Garuda Dasa diz: “Eu começo inteirando o leitor acerca de histórias sagradas de amor em diversas culturas e sua função de expressar o amor por Deus. A Canção de Salomão inspira seguidores das tradições místicas Judaica e Cristã no ocidente a abrirem seus corações para as dimensões de maior intimidade com Deus. De forma similar, a literatura purânica traz a rasa-lila que Srila Visvanatha Cakravarti Thakura, um filósofo Vaisnava, chama de “a mais bela jóia da coroa das atividades de Deus”.



“Dentro dessas histórias sagradas de amor”, Garuda Dasa continua, “as tradições religiosas apontam uma fase específica do amor divino para terem como modelo para a prática religiosa. Eu chamo a atenção para o fato de que as Gopis exibem todas as 8 fases de amor supremo que são exibidas parcialmente em outras histórias: despertar, ansiar, encontrar, entrar em conflito, separar, lamentar-se, reencontrar e regozijar pelo triunfo do amor. Para os Gaudiya Vaisnavas, a fase espiritual mais venerada é aquela em que se lamenta em separação, ou vipralambha-seva, que encontra espaço no Gopi Gita (A Canção das Gopis), no ato principal da rasa-lila”.



“Outro filósofo santo, Jiva Gosvami”, ainda adicionaria Garuda Dasa, “apresenta outras considerações acerca do intenso sentimento de separação das Gopis que para mim são considerações realmente próprias de uma personalidade iluminada. Ele escreve, por exemplo, que o objetivo de Krsna se separar das Gopis é unicamente para aumentar o apego delas. Os versos do Gopi Gita recebem privilegiada atenção por parte dos seguidores do Senhor Caitanya enquanto eles descrevem a viraha bhakti, ou o amor da alma com saudades de Deus e a loucura divina que caracteriza tal sentimento. Essa loucura das donzelas de Vraja, como descrita no Bhagavatam, de alguma forma se torna modelo para o Senhor de Jiva Gosvami, Sri Caitanya Mahaprabhu, cuja vida é famosa por Sua loucura extática originada de Sua devoção a Krsna”.

Tradução Poética

Garuda Dasa falou um pouco também sobre o desafio de se traduzir essa obra prima do décimo canto do Bhagavatam, que seu antigo professor de sânscrito de Harvard chamou de “o poema mais encantador jamais escrito”.
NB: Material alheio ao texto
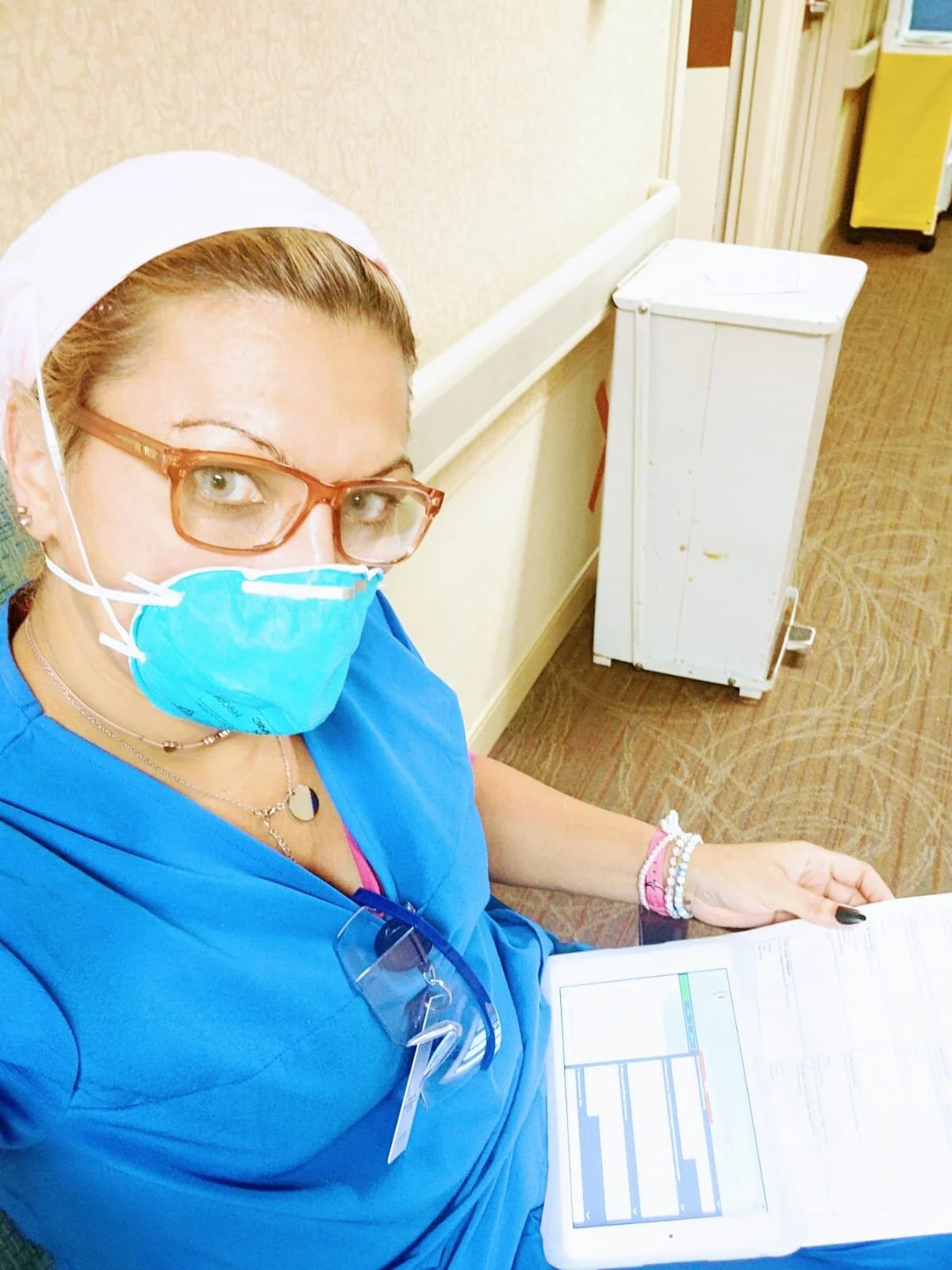 XXX Porn Photo of Nude nurse4you 2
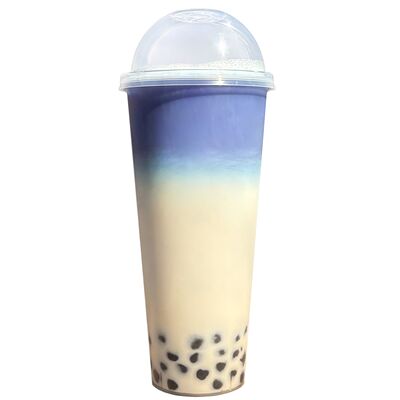 Молочный Анчан-кокос M в Billy по цене 474 ₽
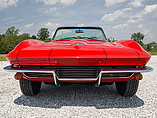 1964 Chevrolet Corvette Photo #21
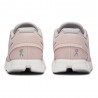 On Cloud 5 Rosa Grigio - Sneakers Donna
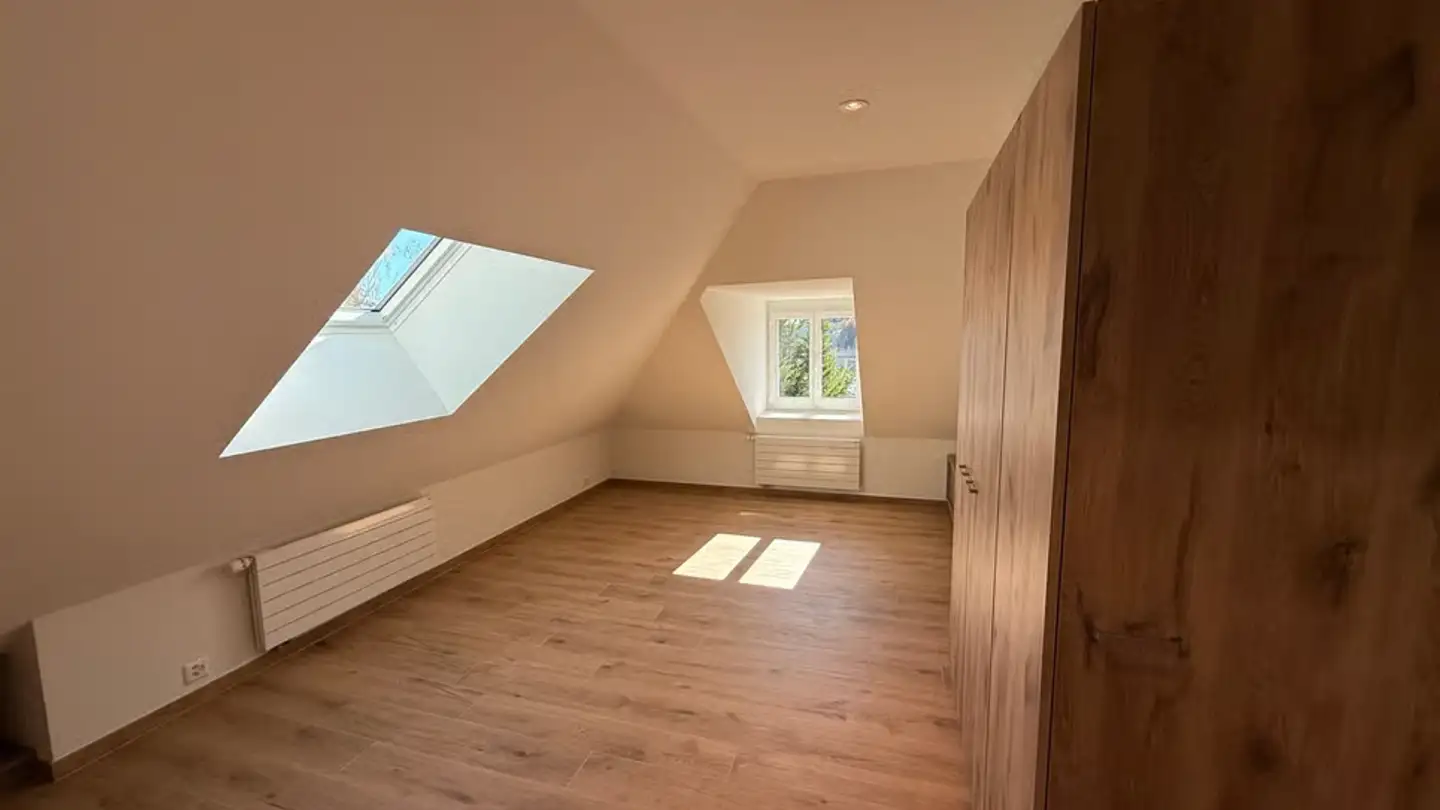 Wohnung mieten - Avenue Des Alpes 2, 2000 Neuchâtel - Foto 4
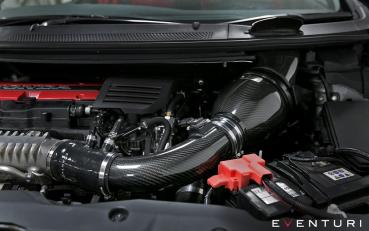 Eventuri Carbon Ansaugsystem Honda Civic Type R FK2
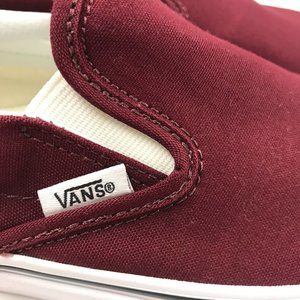 VANS Classic Slip-on
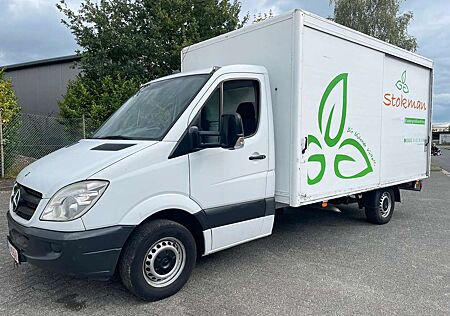 Mercedes-Benz Sprinter *313 CDI*Maxi-Koffer*Sehr Guten-Zustand*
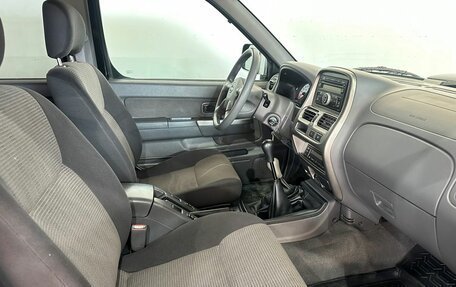 Nissan NP300, 2012 год, 1 350 000 рублей, 11 фотография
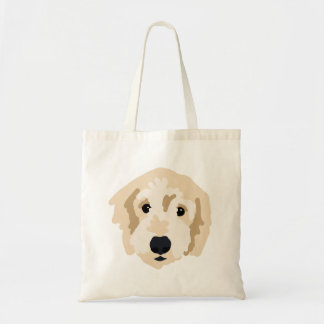 Bolsa Tote Sam, o Doodle
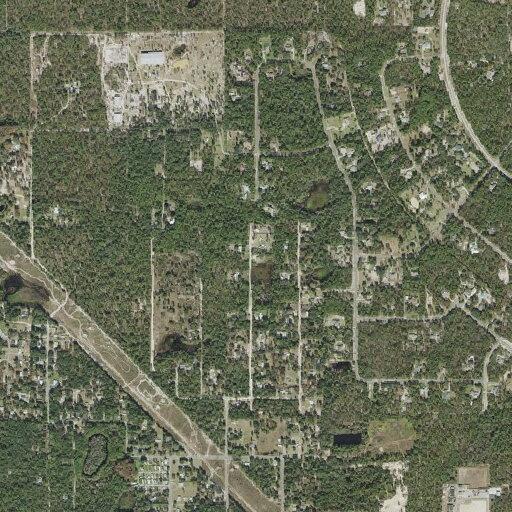 Sick person reported near North Buckhorn Drive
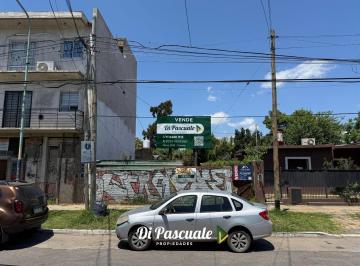 Terreno · 337m² · Venta Oportunidad Lote - Moreno Norte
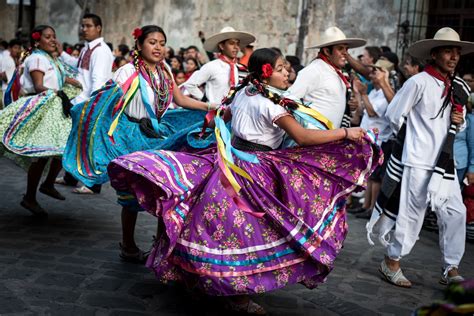 La Guelaguetza: una celebración oaxaqueña llena de danza y color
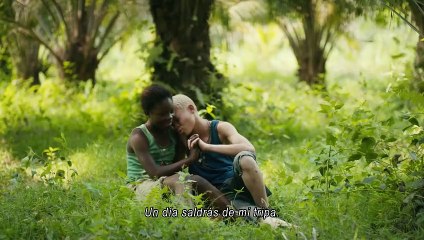 Rebelde (War Witch) Tráiler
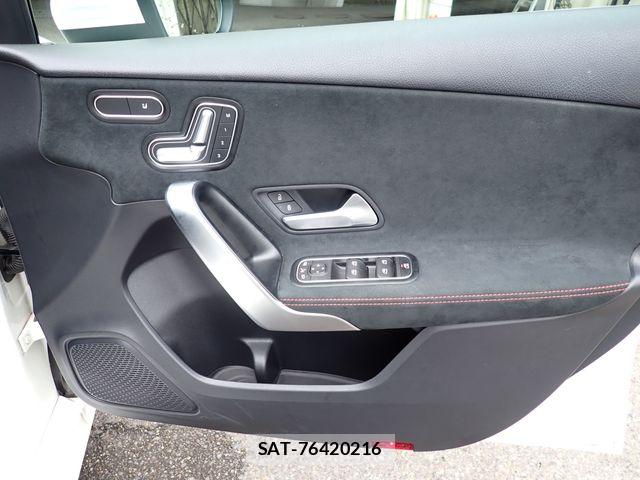 Mercedes Benz A-CLASS 2019-09 8780965-20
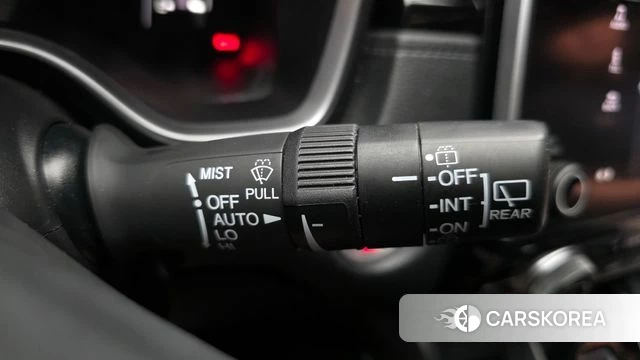 Honda CR-V 5th generation id 4490820 из Кореи 8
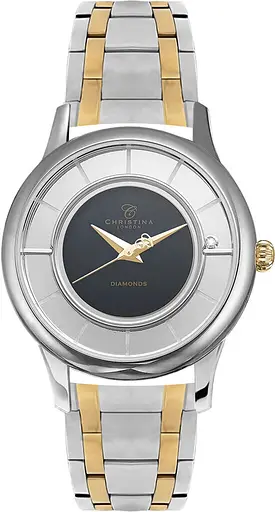 Часы Christina 335BBL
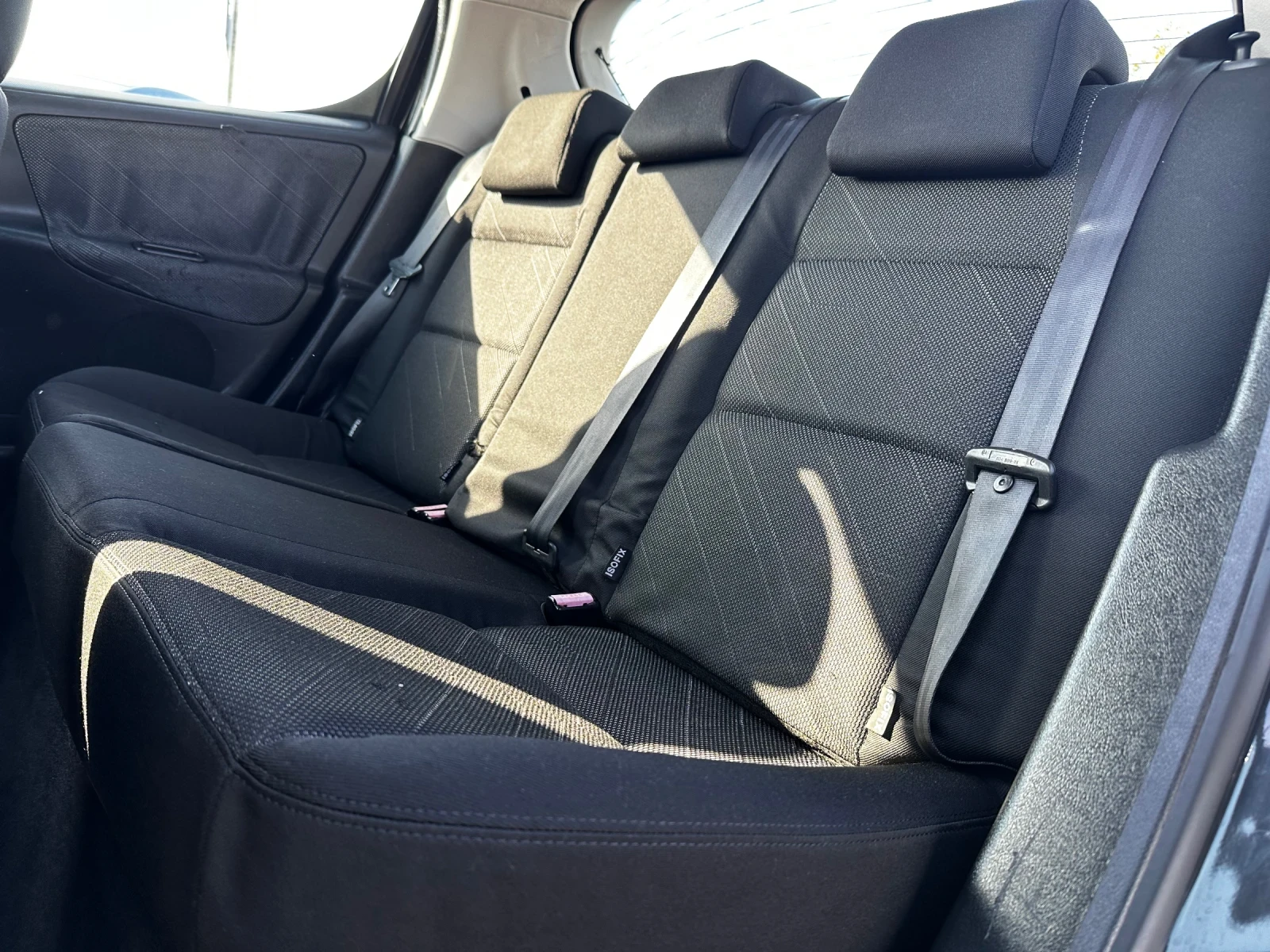 Peugeot 207 1.4VTi LPG | Mobile.bg — изображение 11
“Eu descobri que os textos originais da rasa-lila em Sânscrito não apenas possuem os ornamentos da poesia sânscrita (kavya), mas, em vários pontos, também estão em conformidade com as convenções do drama indiano clássico (natya). O primeiro verso, por exemplo, traz consigo diversos elementos dessas tradições, e eu me empenhei muito para sua tradução”:

Even the Beloved Lord,

seeing those nights

in autumn filled with

blooming jasmine flowers,

Turned his mind toward

love’s delights,

fully taking refuge in

Yogamaya’s illusive powers.

“Tento, aqui, transportar para o inglês alguns elementos da beleza poética e dramática do original enquanto mantenho uma tradução bem literal. Muitas páginas do livro foram dedicadas à apreciação do valor literário e teológico deste primeiro verso”.

A nuance de erotismo da rasa-lila tanto atraiu quanto intimidou pensadores ao longo da história. O irresistível apelo sedutor é trazido pela postura das Gopis de se doarem de forma espontânea e plenamente destituída de egoísmo a seu objeto de amor, Krsna. As Gopis são o modelo perfeito para todo aquele que está progredindo no caminho da bhakti-yoga, o caminho pelo qual se obtém Deus através do serviço amoroso. Eu pedi a Garuda Dasa para que falasse um pouco sobre como essa lila esotérica é relevante para o movimento Hare Krsna atual.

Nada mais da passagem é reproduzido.